Malignant tumors seriously threaten human life and health. About 7 million people die from cancer every year in the world, accounting for about a quarter of the total death toll. Gastric cancer is the most common malignant tumor in my country, and its death rate accounts for the first place among all kinds of malignant tumors. Liver cancer is the second cancer "killer" in my country, and it has jumped to the first place in some high-incidence areas of liver cancer, accounting for 45% of liver cancer deaths worldwide. Breast cancer is the main malignant tumor that endangers women's health. About 1.2 million women in the world develop breast cancer every year. At present, the mortality rate of cancer patients in our country exceeds 30%, which has become the second largest factor in the death of Chinese residents.

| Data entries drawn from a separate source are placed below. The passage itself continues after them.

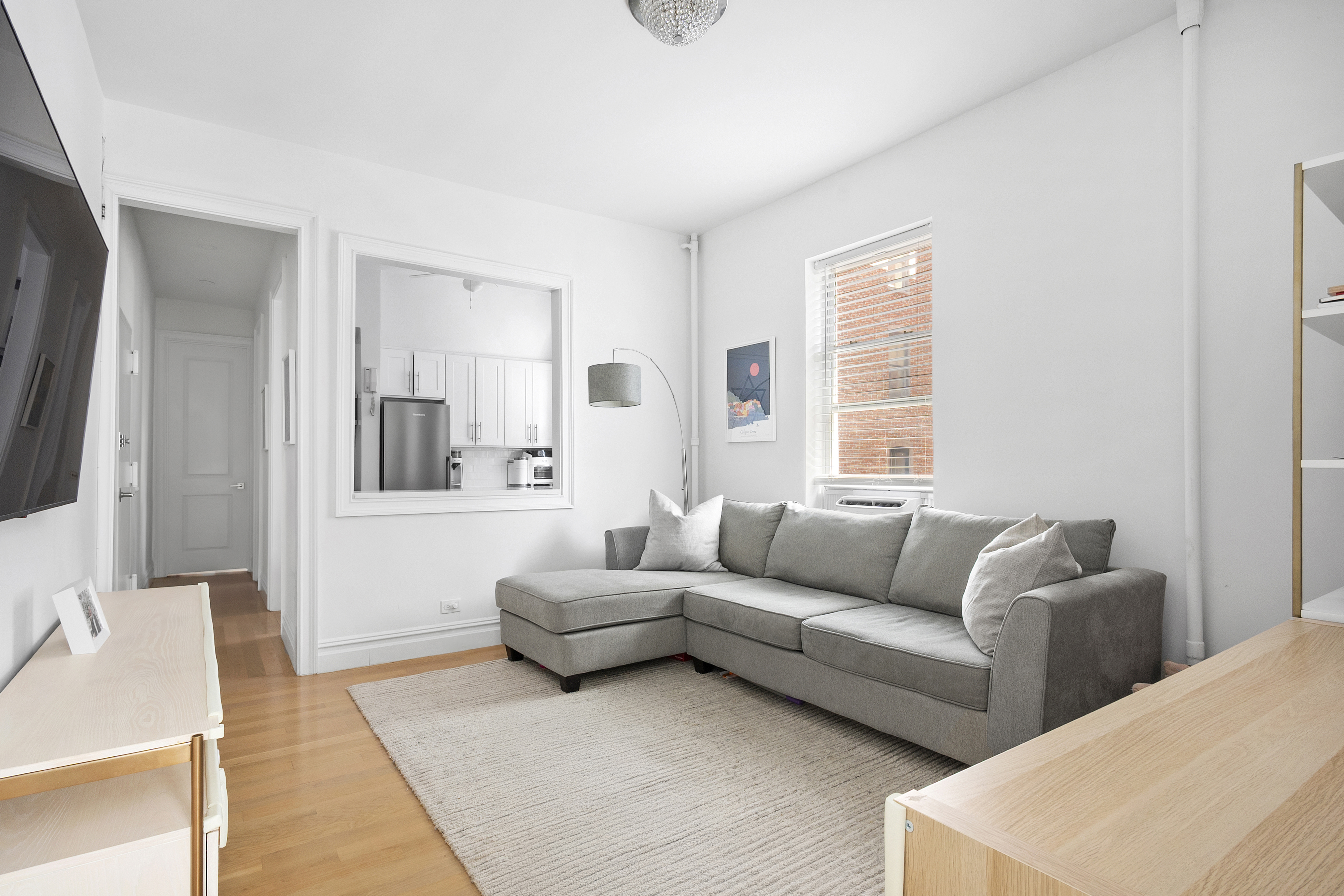 345 West 70th Street, Unit 5E Manhattan, NY 10023 - Photo 2 of 10 a living room with furniture and a couch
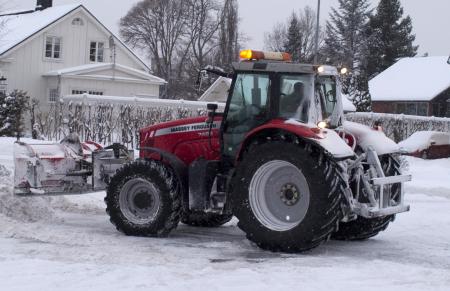Tractor clearing snow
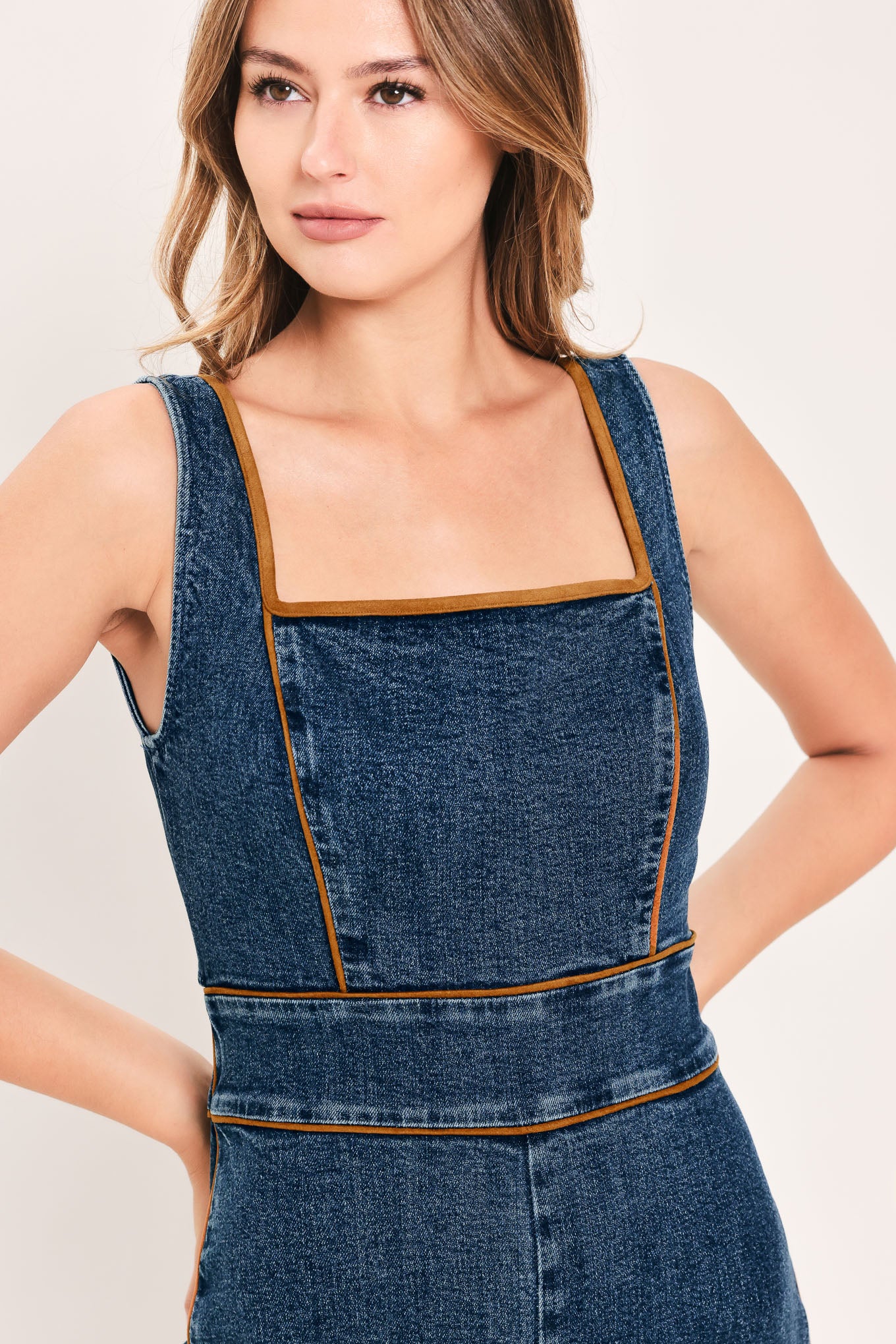 A woman modeling a dark blue denim wide-leg jumpsuit with square neckline | Flying Tomato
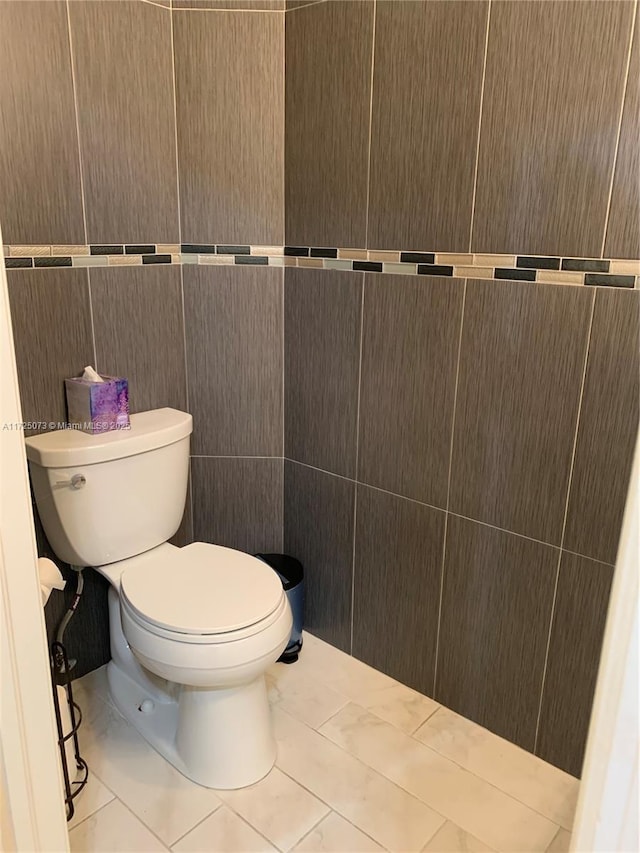 bathroom featuring tile patterned flooring, tile walls, and toilet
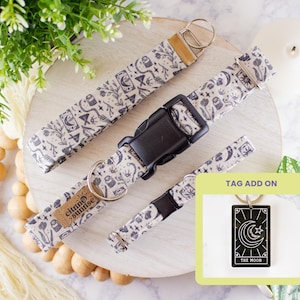 May include: A set of dog accessories, including a collar, leash, and keychain tag. The items feature a cream-colored fabric with a black celestial pattern. The keychain tag displays a black and white image of the moon.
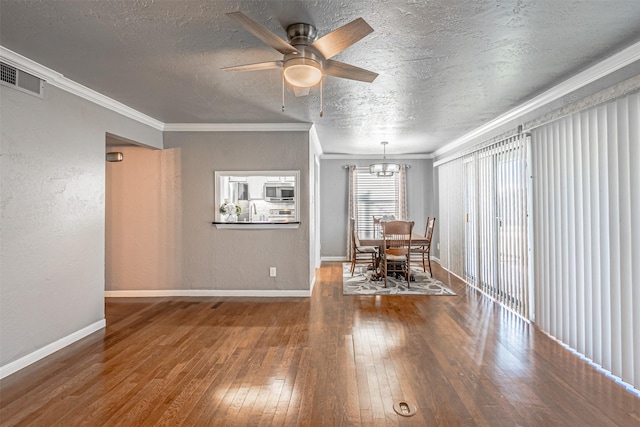 unfurnished dining area with wood-type flooring, ceiling fan with notable chandelier, a textured ceiling, and ornamental molding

Drug therapy has become an effective and widely used treatment method for malignant tumors. In 2010, the global sales of antineoplastic drugs were about 60 billion US dollars. There are many kinds of antineoplastic drugs used clinically, among which chemotherapy drugs mainly include alkylating agent molybdenum complex antineoplastic drugs, anthracycline antineoplastic drugs, and DNA-damaging antibiotics. In addition, the research on natural anti-tumor drugs also occupies a considerable proportion. For example, some drugs commonly used in clinical practice include camptothecin, vincristine, and paclitaxel. However, the existing antitumor drugs have problems such as poor selectivity, toxic side effects, and drug resistance. Finding anti-tumor drugs with high efficiency and low toxicity is still an important issue for scientists. The invention provides a fused tricyclic drug structure with anti-tumor activity, and has important development and application prospects. In recent years, great progress has been made in the research of antifungal drugs, but there are still some deficiencies in the drugs currently used in clinical practice, such as: fluconazole has poor effect on Aspergillus, and drug-resistant strains are constantly emerging; The antibacterial effect is poor; itraconazole is not easy to pass through the blood-brain barrier, and the incidence of side effects is high. Therefore, finding highly effective, low toxicity, broad-spectrum antifungal drugs is still a worldwide important issue.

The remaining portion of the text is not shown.